**Exercise goal:**
Write each line below back out exactly, omitting its pictures.

Start of Block

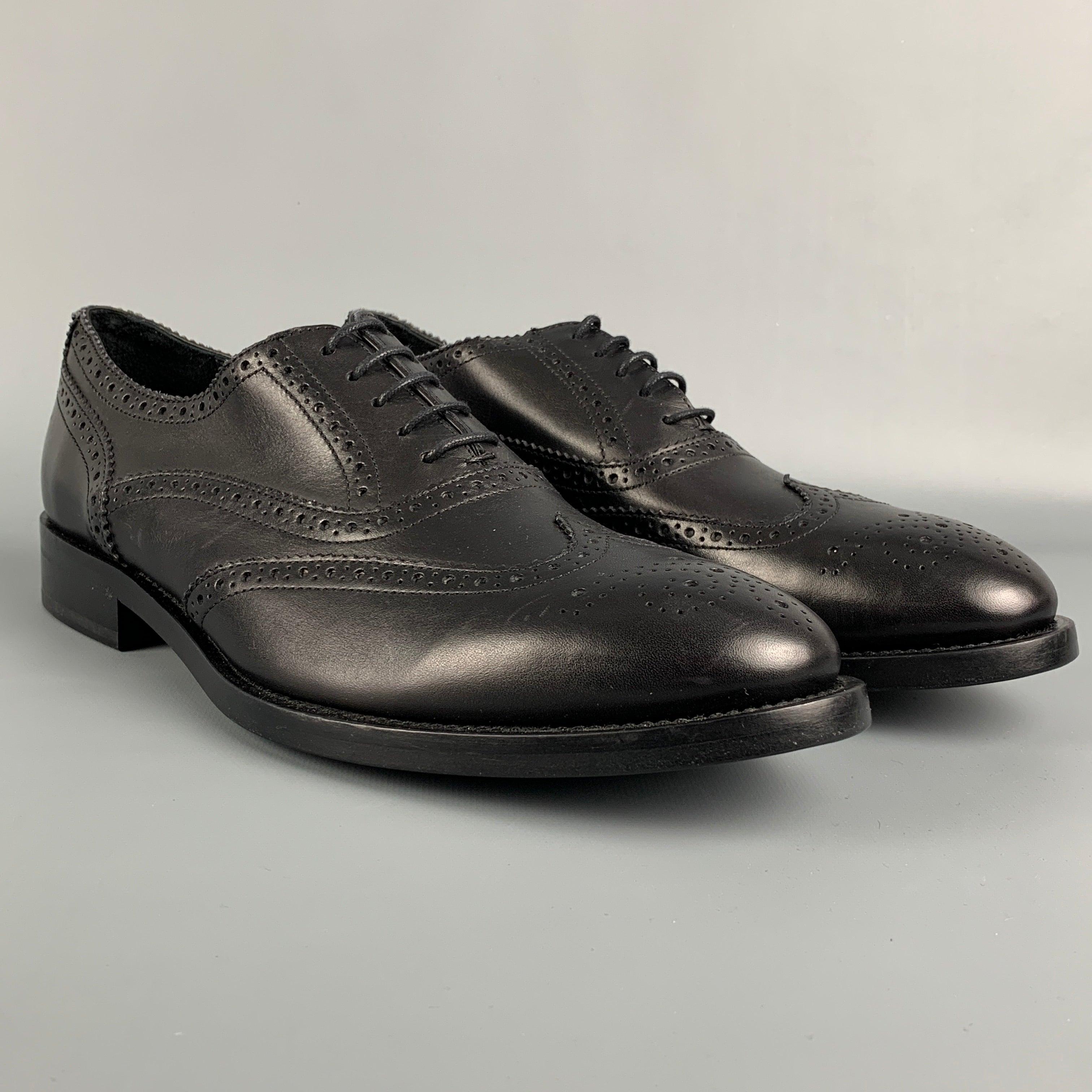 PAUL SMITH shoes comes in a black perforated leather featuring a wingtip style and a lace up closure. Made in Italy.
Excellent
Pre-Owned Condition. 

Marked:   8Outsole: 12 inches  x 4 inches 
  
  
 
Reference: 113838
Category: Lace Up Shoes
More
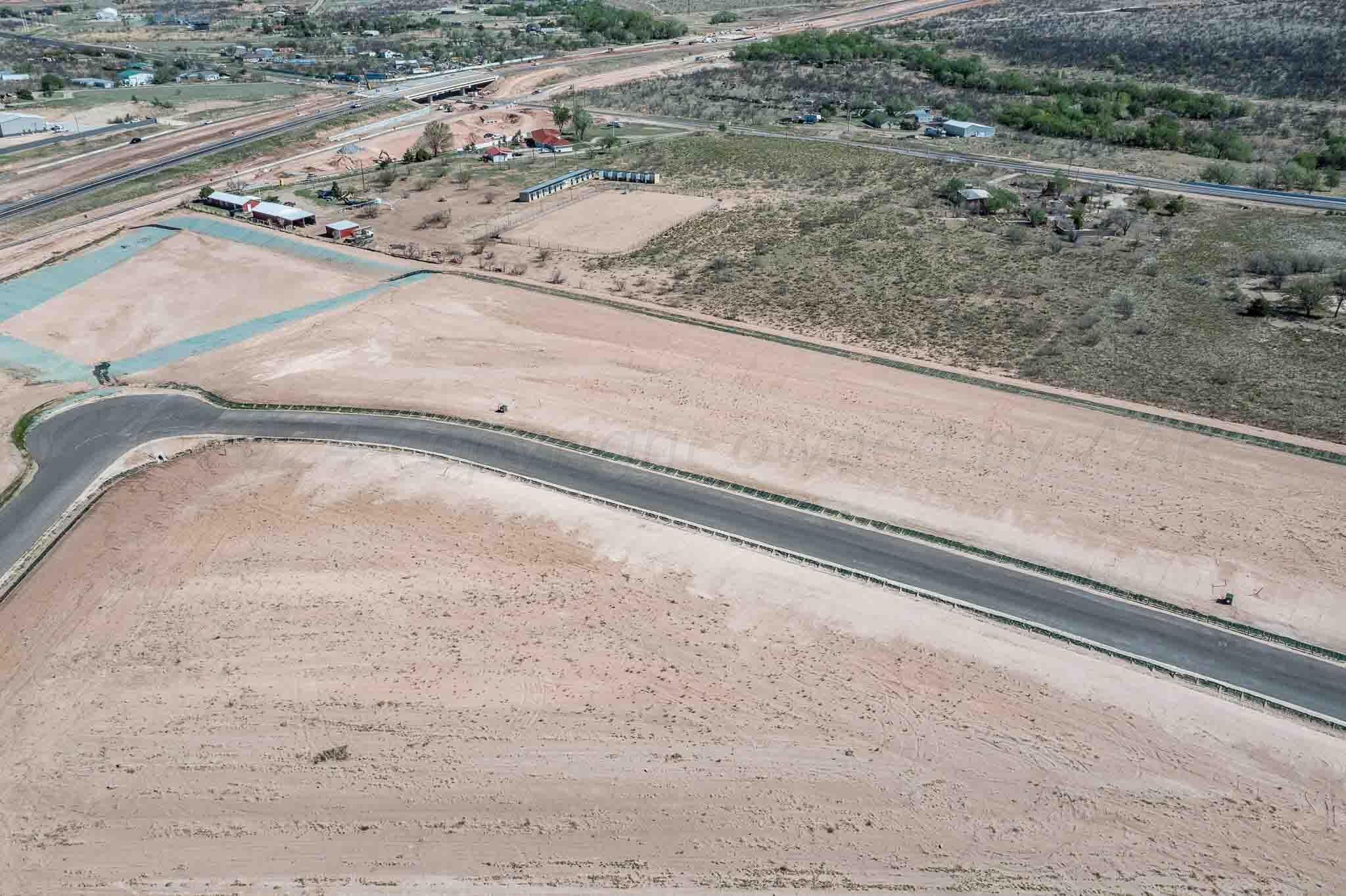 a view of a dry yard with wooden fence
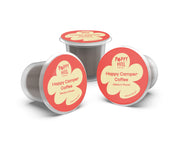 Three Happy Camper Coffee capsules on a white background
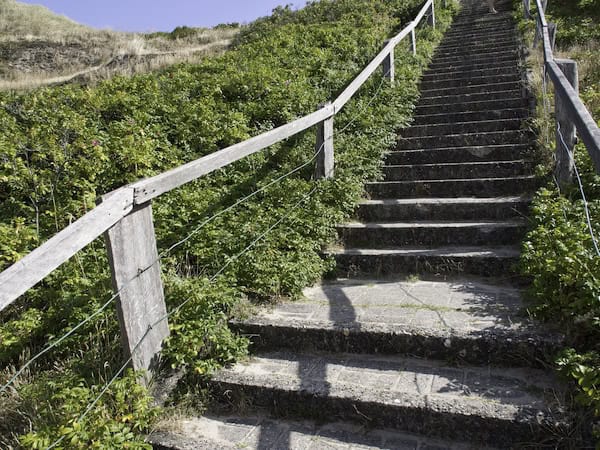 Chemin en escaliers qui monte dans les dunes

End of Block

**Response to this exercise:**
 PAUL SMITH shoes comes in a black perforated leather featuring a wingtip style and a lace up closure. Made in Italy.
Excellent
Pre-Owned Condition. 

Marked:   8Outsole: 12 inches  x 4 inches 
  
  
 
Reference: 113838
Category: Lace Up Shoes
More
 a view of a dry yard with wooden fence
 Three Happy Camper Coffee capsules on a white background
 Chemin en escaliers qui monte dans les dunes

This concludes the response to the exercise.